First week of school

There's an hour and a half before my first Java practical, so let's see if I can't fit in a little lump of blog...

So! My gosh. First week of the Geography and Geographical Information Systems MA before the PhD. Tsk. Pff! Sampled all the modules I'm going to sample this semester. Beginning again - another little floating blob in a sea of Brownian-motion students all bouncing seemingly without purpose around the campus of Leeds Uni.

Done a first bit of reading in the Bodington Library - a smaller simulacra of the British Library, from what I remember of that. A damn fine place to read. Oh my God, libraries are wonderful things.

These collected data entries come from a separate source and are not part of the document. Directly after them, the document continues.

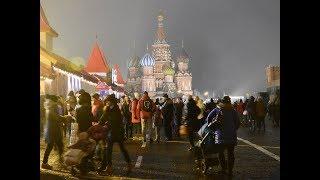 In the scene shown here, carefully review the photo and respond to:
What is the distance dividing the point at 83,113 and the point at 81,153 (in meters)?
0.87

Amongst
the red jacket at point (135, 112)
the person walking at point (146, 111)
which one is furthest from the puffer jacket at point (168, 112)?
the person walking at point (146, 111)

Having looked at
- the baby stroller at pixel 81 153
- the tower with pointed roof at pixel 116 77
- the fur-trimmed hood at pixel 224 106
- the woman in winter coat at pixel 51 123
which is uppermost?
the tower with pointed roof at pixel 116 77

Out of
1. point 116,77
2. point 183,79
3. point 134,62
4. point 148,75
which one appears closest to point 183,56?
point 183,79

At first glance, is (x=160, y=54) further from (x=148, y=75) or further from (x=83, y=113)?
(x=83, y=113)

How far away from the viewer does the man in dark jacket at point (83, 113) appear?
1060 cm

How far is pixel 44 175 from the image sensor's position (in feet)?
34.1

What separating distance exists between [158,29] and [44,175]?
14062cm

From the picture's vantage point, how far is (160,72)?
144 meters

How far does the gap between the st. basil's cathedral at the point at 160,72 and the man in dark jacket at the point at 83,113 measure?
128 metres

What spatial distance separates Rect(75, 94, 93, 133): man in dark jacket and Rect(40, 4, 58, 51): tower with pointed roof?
25726 mm

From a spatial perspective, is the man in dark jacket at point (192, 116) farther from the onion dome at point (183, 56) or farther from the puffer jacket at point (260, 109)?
the onion dome at point (183, 56)

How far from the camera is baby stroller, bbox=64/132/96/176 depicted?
10.4 m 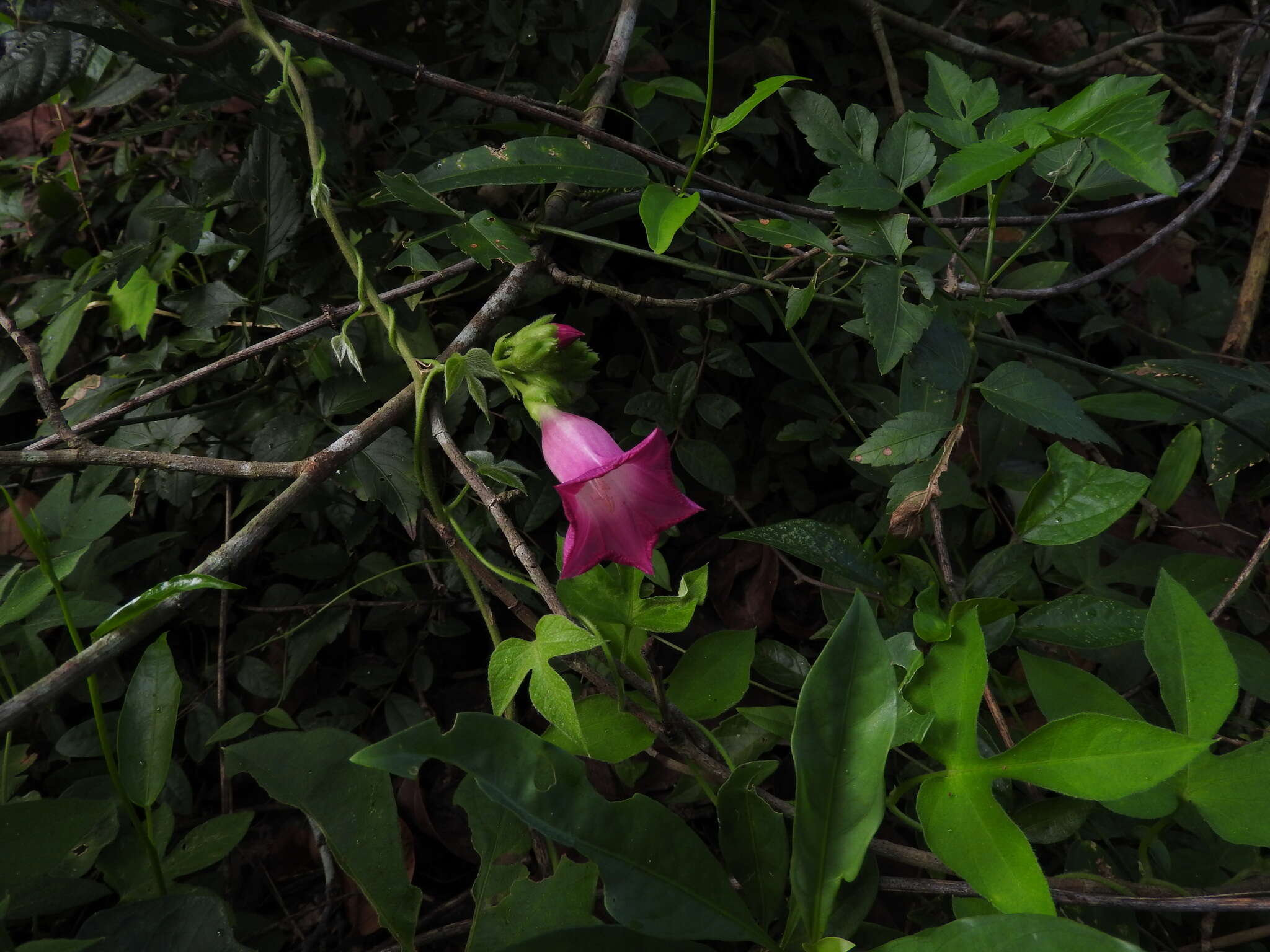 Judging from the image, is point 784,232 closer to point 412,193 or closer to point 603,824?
point 412,193

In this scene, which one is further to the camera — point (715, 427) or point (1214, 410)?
point (715, 427)

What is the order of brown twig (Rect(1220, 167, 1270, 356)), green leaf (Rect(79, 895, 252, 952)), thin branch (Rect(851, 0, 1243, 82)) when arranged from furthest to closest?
1. brown twig (Rect(1220, 167, 1270, 356))
2. thin branch (Rect(851, 0, 1243, 82))
3. green leaf (Rect(79, 895, 252, 952))

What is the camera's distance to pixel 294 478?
108 cm

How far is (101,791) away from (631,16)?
1.62 metres

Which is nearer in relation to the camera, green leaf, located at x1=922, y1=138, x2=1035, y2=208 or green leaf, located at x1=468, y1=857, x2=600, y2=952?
green leaf, located at x1=468, y1=857, x2=600, y2=952

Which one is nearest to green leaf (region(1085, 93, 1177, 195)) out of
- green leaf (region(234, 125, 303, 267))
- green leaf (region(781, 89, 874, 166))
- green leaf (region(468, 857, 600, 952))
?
green leaf (region(781, 89, 874, 166))

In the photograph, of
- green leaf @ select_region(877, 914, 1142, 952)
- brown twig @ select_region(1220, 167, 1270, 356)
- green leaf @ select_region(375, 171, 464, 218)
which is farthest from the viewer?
brown twig @ select_region(1220, 167, 1270, 356)

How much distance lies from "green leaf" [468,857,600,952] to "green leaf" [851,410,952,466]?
67cm

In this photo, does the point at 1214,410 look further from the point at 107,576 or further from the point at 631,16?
the point at 107,576

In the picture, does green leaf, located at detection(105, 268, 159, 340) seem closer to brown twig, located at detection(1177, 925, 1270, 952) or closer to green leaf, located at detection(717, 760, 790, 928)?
green leaf, located at detection(717, 760, 790, 928)

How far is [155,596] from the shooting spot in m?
0.85

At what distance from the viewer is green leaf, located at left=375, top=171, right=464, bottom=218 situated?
112 centimetres

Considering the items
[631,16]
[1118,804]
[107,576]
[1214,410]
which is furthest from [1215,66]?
[107,576]

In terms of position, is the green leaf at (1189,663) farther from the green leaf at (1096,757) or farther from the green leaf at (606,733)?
the green leaf at (606,733) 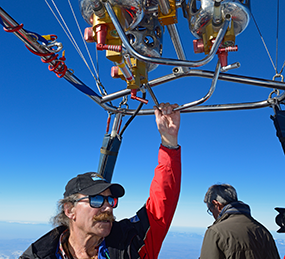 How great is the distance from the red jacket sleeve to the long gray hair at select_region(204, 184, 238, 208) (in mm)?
797

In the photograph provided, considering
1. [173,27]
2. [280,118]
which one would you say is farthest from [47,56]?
[280,118]

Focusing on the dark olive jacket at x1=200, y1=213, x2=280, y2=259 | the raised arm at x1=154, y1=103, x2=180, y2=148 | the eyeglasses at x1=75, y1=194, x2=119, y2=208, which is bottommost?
the dark olive jacket at x1=200, y1=213, x2=280, y2=259

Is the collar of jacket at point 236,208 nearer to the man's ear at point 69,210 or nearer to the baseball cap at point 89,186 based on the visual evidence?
the baseball cap at point 89,186

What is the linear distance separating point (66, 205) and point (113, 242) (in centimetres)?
41

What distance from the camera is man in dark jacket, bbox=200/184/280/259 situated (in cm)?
184

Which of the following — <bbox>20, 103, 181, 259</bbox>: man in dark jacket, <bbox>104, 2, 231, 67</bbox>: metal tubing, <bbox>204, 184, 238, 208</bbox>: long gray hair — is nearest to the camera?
<bbox>104, 2, 231, 67</bbox>: metal tubing

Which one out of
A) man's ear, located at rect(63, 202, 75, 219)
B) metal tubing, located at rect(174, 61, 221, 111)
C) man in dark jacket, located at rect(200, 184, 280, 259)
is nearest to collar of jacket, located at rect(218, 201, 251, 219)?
man in dark jacket, located at rect(200, 184, 280, 259)

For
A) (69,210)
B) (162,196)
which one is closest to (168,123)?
(162,196)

I hope I always remember to go there and work sometimes. Libraries are wonderful things; librarians, as in Michael Moore's book, noble defenders of knowledge. (Think really bad swords and sorcerors film staring an entire cast of magic-wielding, and probably scantily clad & nubile defenders of knowledge. Wearing glasses. The only force standing between the total blackness of oblivion and the light of our accumulated wisdom. I worry about me sometimes.) Students - ants re-creating that knowledge, altering it, giving up our puny little minds to act as agents of its evolution.

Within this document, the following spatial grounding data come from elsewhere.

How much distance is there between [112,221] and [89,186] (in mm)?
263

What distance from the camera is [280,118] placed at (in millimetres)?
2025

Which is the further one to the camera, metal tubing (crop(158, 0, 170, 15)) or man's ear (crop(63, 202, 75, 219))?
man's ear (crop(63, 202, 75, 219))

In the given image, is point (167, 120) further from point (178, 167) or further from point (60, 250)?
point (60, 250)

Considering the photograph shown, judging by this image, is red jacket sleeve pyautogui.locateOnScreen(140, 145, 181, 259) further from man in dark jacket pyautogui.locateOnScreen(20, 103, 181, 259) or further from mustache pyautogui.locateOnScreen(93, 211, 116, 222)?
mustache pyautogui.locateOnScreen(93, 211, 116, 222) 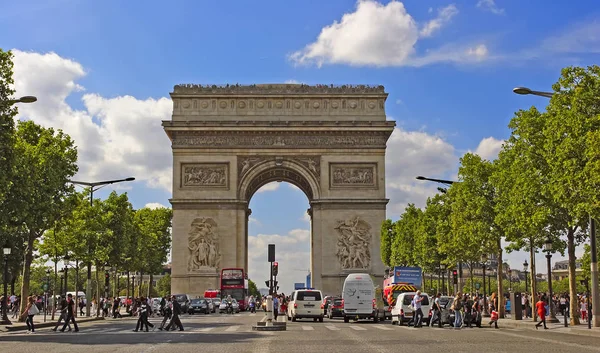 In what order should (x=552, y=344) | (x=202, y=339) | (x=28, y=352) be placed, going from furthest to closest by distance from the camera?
(x=202, y=339) → (x=552, y=344) → (x=28, y=352)

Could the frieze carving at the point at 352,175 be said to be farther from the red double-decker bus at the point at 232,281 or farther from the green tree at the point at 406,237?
the red double-decker bus at the point at 232,281

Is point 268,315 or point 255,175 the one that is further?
point 255,175

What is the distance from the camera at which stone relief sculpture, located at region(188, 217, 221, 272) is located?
247ft

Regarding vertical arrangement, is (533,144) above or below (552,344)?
above

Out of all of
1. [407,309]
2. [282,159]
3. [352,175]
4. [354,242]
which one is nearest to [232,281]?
[354,242]

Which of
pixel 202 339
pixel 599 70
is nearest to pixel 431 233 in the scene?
pixel 599 70

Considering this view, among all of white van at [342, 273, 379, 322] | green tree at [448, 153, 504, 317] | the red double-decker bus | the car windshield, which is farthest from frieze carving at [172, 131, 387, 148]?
white van at [342, 273, 379, 322]

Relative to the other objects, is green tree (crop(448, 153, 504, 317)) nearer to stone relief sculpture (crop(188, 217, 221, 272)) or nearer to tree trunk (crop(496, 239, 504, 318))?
tree trunk (crop(496, 239, 504, 318))

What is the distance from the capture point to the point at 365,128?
250ft

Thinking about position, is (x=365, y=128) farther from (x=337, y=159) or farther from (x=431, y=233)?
(x=431, y=233)

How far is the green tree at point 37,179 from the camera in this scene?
40750mm

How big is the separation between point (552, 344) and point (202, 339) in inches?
439

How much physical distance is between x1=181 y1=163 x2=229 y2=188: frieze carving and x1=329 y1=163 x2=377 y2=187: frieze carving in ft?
31.6

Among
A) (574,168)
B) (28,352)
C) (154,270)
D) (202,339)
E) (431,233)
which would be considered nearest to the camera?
(28,352) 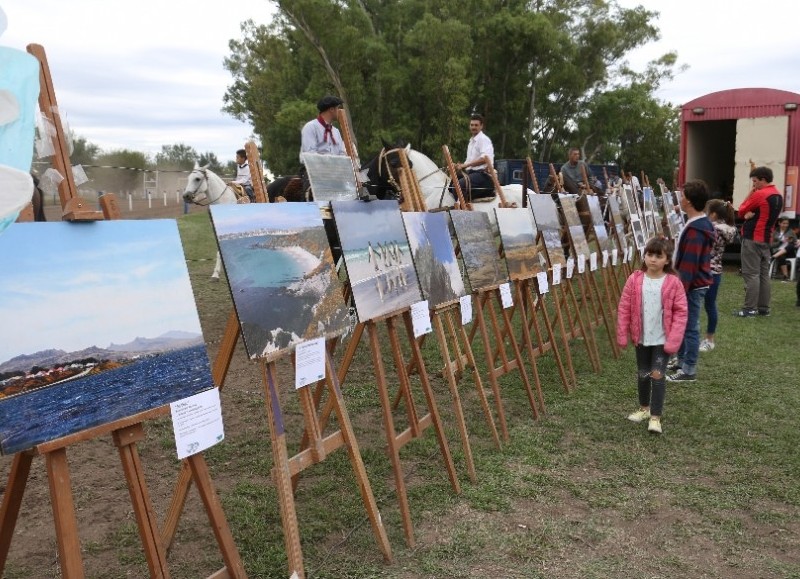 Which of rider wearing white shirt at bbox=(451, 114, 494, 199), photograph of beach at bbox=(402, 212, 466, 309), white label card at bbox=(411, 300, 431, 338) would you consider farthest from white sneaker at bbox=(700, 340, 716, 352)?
white label card at bbox=(411, 300, 431, 338)

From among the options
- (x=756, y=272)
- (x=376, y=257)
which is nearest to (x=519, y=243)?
(x=376, y=257)

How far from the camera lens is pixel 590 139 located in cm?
3028

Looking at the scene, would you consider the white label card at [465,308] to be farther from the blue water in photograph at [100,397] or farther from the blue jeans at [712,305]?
the blue jeans at [712,305]

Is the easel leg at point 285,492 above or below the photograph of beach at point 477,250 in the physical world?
below

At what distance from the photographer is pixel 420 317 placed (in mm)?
3539

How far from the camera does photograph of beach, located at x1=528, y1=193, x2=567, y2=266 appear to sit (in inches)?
226

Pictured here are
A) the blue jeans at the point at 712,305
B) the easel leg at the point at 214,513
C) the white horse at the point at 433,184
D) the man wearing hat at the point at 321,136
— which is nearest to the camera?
the easel leg at the point at 214,513

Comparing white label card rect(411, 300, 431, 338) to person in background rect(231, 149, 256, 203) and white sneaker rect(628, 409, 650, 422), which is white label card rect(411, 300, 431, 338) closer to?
white sneaker rect(628, 409, 650, 422)

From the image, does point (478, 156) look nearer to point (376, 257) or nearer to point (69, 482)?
point (376, 257)

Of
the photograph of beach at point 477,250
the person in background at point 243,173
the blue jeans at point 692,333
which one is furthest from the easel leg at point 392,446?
the person in background at point 243,173

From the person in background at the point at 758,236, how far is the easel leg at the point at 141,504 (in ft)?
26.5

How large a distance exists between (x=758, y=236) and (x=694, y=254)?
372cm

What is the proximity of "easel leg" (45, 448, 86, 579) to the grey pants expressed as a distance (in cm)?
861

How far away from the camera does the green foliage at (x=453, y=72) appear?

You can hear the human in there: the slight, but all-pervasive and soothing, sussuration of movement scurrying about the place. Also, of course, the intermittent waves of terror from people straining to fulfilling their allotted role. It makes me think of Lanier's rant about digital Maoism (written about in this blog here).

Empowering the collective does not empower individuals — just the reverse is true. There can be useful feedback loops set up between individuals and the hive mind, but the hive mind is too chaotic to be fed back into itself.

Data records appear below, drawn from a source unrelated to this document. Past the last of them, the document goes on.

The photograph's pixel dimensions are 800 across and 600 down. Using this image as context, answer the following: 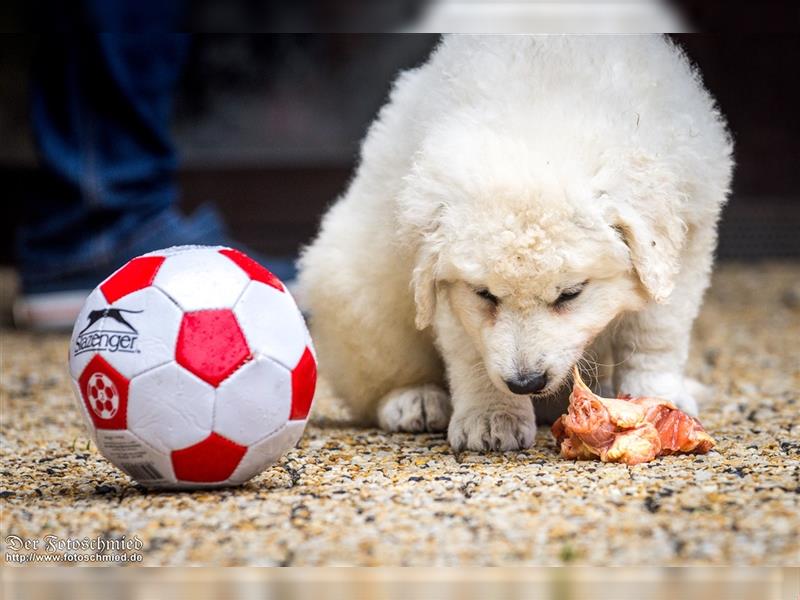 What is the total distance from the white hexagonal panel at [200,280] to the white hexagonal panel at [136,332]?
4 centimetres

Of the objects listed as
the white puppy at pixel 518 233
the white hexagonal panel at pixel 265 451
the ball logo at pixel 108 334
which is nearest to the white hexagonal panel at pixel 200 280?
the ball logo at pixel 108 334

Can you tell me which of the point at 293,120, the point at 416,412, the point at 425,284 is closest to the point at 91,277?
the point at 293,120

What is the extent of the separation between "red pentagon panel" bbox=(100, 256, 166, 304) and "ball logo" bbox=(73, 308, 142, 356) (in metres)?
0.05

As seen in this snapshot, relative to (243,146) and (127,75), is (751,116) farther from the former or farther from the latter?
(127,75)

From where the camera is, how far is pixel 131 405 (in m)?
2.97

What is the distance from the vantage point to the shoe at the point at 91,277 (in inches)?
259

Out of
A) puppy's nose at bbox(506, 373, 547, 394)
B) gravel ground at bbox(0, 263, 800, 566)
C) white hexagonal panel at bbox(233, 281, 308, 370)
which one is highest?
white hexagonal panel at bbox(233, 281, 308, 370)

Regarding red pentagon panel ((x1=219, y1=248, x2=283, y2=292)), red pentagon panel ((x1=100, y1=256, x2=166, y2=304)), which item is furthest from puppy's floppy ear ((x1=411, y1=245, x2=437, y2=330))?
red pentagon panel ((x1=100, y1=256, x2=166, y2=304))

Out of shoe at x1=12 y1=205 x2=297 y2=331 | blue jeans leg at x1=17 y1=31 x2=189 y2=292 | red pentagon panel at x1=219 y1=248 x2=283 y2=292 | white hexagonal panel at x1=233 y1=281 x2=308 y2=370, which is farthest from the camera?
shoe at x1=12 y1=205 x2=297 y2=331

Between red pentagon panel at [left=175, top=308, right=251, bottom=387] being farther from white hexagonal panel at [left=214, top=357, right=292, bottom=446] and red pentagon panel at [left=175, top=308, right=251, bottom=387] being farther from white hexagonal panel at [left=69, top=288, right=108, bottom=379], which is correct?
white hexagonal panel at [left=69, top=288, right=108, bottom=379]

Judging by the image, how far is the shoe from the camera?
6.57m

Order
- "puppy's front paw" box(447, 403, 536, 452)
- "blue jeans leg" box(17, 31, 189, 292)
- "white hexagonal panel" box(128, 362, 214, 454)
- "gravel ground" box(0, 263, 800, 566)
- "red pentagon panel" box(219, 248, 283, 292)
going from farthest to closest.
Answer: "blue jeans leg" box(17, 31, 189, 292) < "puppy's front paw" box(447, 403, 536, 452) < "red pentagon panel" box(219, 248, 283, 292) < "white hexagonal panel" box(128, 362, 214, 454) < "gravel ground" box(0, 263, 800, 566)

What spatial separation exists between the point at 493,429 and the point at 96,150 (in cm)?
364

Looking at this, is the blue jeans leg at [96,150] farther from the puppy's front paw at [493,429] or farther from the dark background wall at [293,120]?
the puppy's front paw at [493,429] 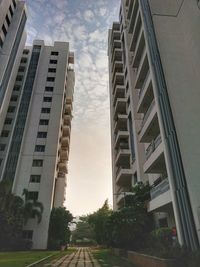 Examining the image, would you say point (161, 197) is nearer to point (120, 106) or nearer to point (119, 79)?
point (120, 106)

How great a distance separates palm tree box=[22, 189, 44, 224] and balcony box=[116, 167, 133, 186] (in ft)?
42.2

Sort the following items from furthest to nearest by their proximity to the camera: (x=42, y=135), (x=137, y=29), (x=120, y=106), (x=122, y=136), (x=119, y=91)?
(x=42, y=135) < (x=119, y=91) < (x=120, y=106) < (x=122, y=136) < (x=137, y=29)

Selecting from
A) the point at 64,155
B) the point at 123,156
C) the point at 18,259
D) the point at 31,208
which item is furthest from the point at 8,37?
the point at 18,259

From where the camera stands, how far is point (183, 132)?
1438 centimetres

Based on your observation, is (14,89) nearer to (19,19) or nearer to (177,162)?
(19,19)

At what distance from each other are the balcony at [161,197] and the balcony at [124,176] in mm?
13947

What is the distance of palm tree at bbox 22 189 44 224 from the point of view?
32.4 metres

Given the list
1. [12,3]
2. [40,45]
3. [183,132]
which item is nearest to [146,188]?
[183,132]

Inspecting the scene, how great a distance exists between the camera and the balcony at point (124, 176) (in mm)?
31480

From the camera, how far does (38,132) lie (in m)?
42.3

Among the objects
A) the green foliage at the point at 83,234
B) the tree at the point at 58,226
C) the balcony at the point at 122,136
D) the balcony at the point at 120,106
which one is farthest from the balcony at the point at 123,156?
the green foliage at the point at 83,234

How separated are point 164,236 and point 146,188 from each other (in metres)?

Libraries don't re-create themselves. They don't exist independently of us, and they're not static. Knowledge is dynamic and human. It's our most powerful extended phenotype (or possibly extended memotype... hmm, maybe not!)

It's all a bit scary. Just been reading through a little Hayek (though I'm not going to have much time for this until much later... far too many techie things to learn) - here and there, he'd spend ten years re-formulating entire theories from scratch in order to integrate some vital factor he thought was missing. He seems, also, to have come up with a theory of mind that involves internal evolutionary processes to explain the sensory order. I've read that in Dennett, and its (I think) central to neural net evolution.

My point? Gosh, there's a lot of learning to be done.

Looking back on the first blog entry, though, I see my thinking has already changed. This week has really reinforced that change. The current revolution in computing power in Geographical Information Systems is, well, terrifying. There's plenty of people here working on them. Wireless computing systems, for example: intel are apparently churning out vast quantities of these tiny little computers able to talk to each other, setting up ubiquitous distributed systems over geographical areas. (The military are as always some way ahead of everyone else on this - e.g. 'sensors dispersed by fans... once a complete picture of the target city is built up, unmanned air and ground vehicles can now be vectored directly to selected targets to take them out, one by one'. See this New Statesman article.) Mapping systems are being used to control and plan pretty much every aspect of our daily lives, as well as helping governments and corporations constantly push the boundaries of planning their organisation.

All this says to me: don't spend too long digging into the philosophical nuances of planning versus spontaneous order. There are people in the military, government, corporations, god knows what else, already planning, and already creating complex feedback systems, ceding decision-making and logistics to computers where they can - because it saves money. (And helps increase market share, of course.)

If there's one thing to spend time on that perhaps the techies don't, it would be looking for where the political choices are. Technology as a historical force is often portrayed as entirely beyond human control, and also as politically neutral. But for every advance in computing power, and every further percolation of these systems into our human world, the political choices become more and more important.

What if we only get a very small time to make those choices? What if these systems are growing into human society like another nervous system - impossible to rip out once it's embedded without killing the host? Once embedded, will it be a military nightmare? Will it have fixed global exploitation firmly into the natural order of things? By then, there's a fair chance that it'll be too late to change it.

Ah, it'll probably all turn out OK in the end. Bound to, really.